Reproduce, exactly and in full, the lines from the one with "Papel De Seda" through the one with "Birthstone Crystal Lapis" in the data below; drop pictures.

··· Input for this task ···

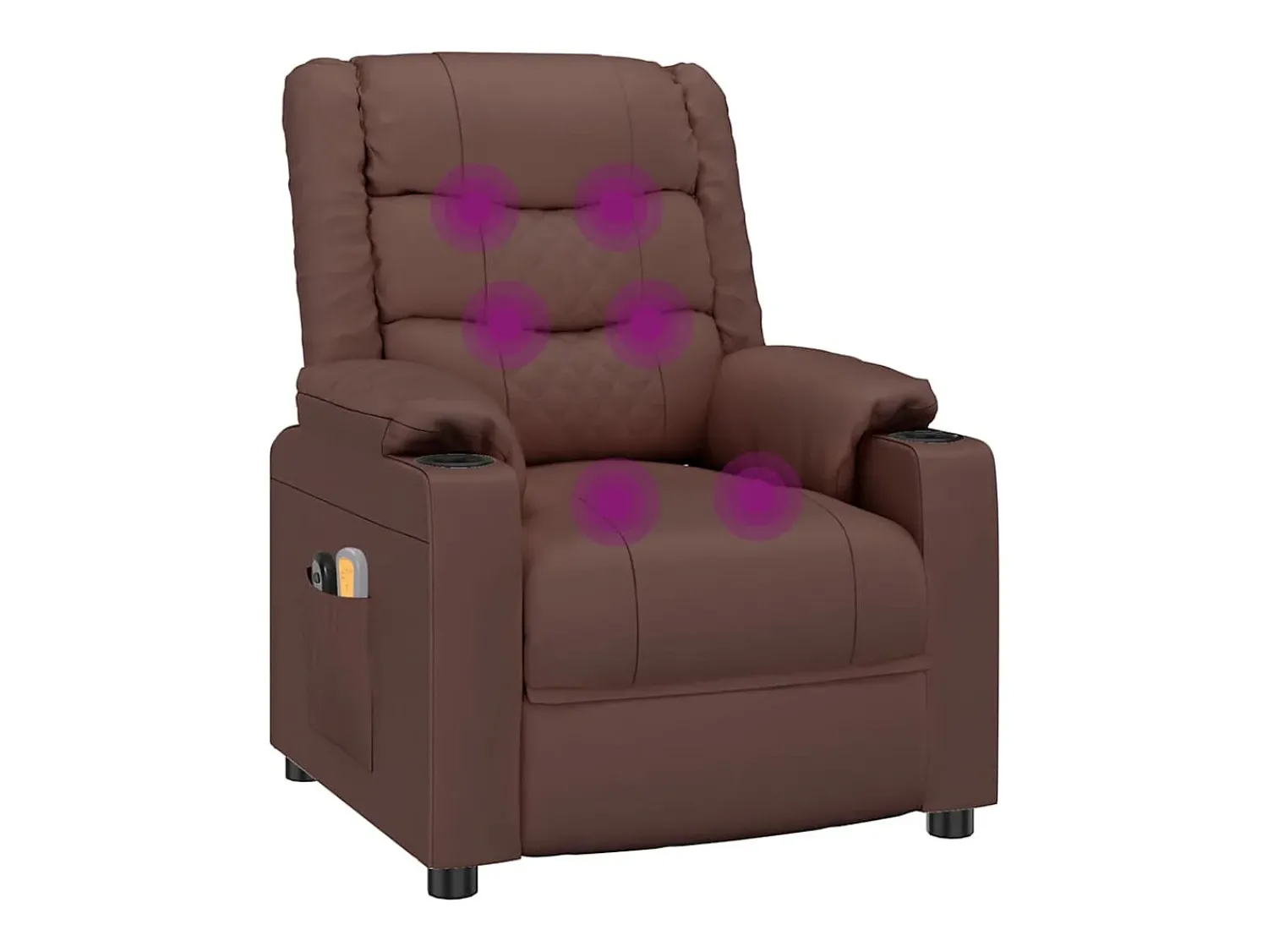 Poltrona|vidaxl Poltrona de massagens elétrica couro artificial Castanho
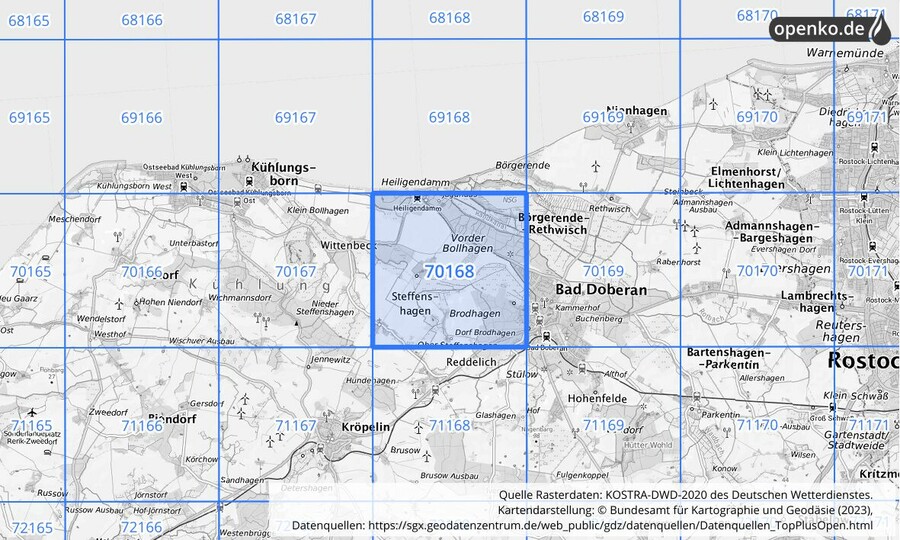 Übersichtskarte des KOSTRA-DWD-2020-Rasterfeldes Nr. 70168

···
··· Input for this task ···

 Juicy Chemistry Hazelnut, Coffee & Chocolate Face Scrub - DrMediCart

···
··· Input for this task ···

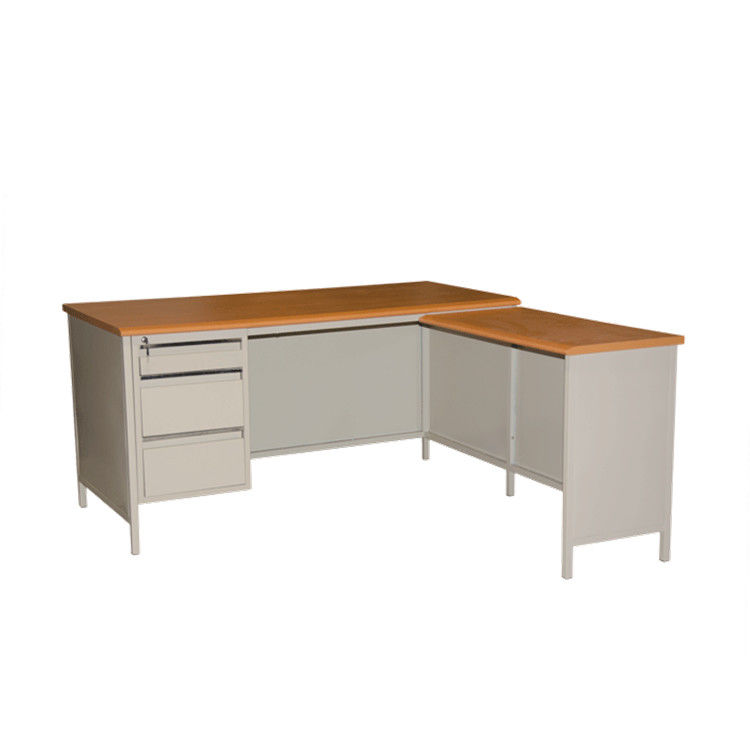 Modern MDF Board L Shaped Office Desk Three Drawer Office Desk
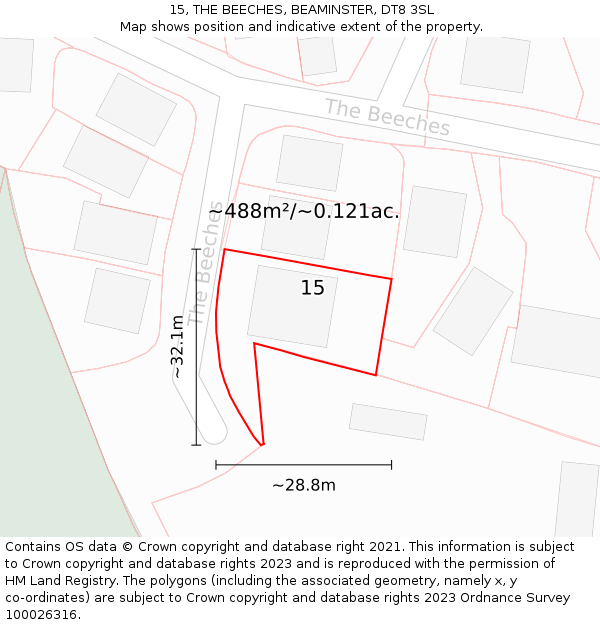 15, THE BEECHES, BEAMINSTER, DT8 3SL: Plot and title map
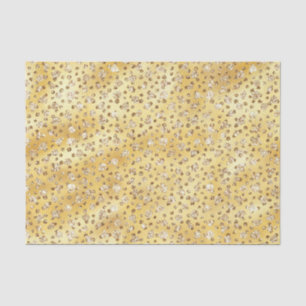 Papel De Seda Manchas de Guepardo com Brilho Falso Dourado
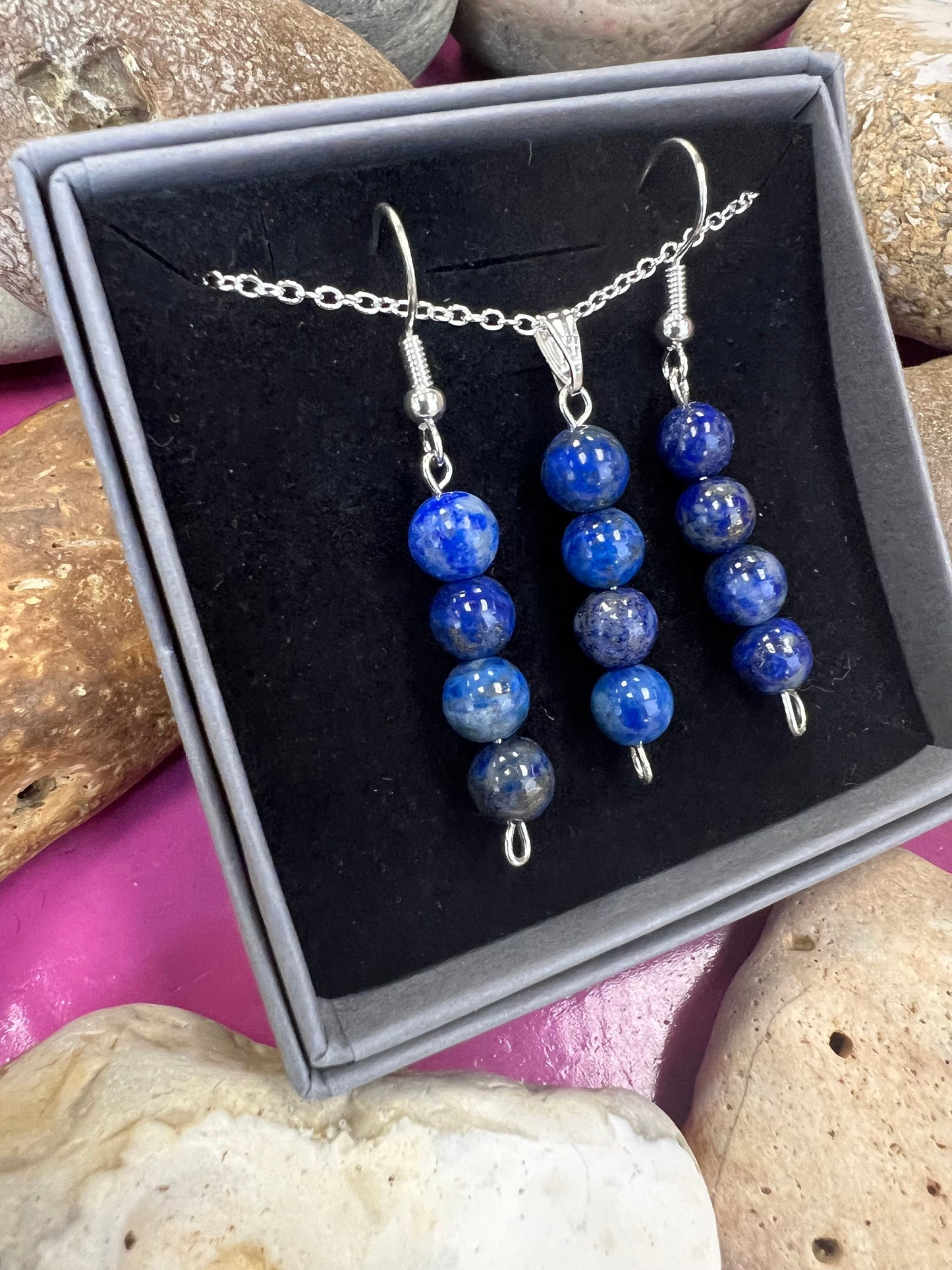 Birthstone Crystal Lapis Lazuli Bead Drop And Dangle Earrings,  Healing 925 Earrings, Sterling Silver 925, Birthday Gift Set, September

···

**Problem solution**
 Papel De Seda Manchas de Guepardo com Brilho Falso Dourado
 Birthstone Crystal Lapis Lazuli Bead Drop And Dangle Earrings,  Healing 925 Earrings, Sterling Silver 925, Birthday Gift Set, September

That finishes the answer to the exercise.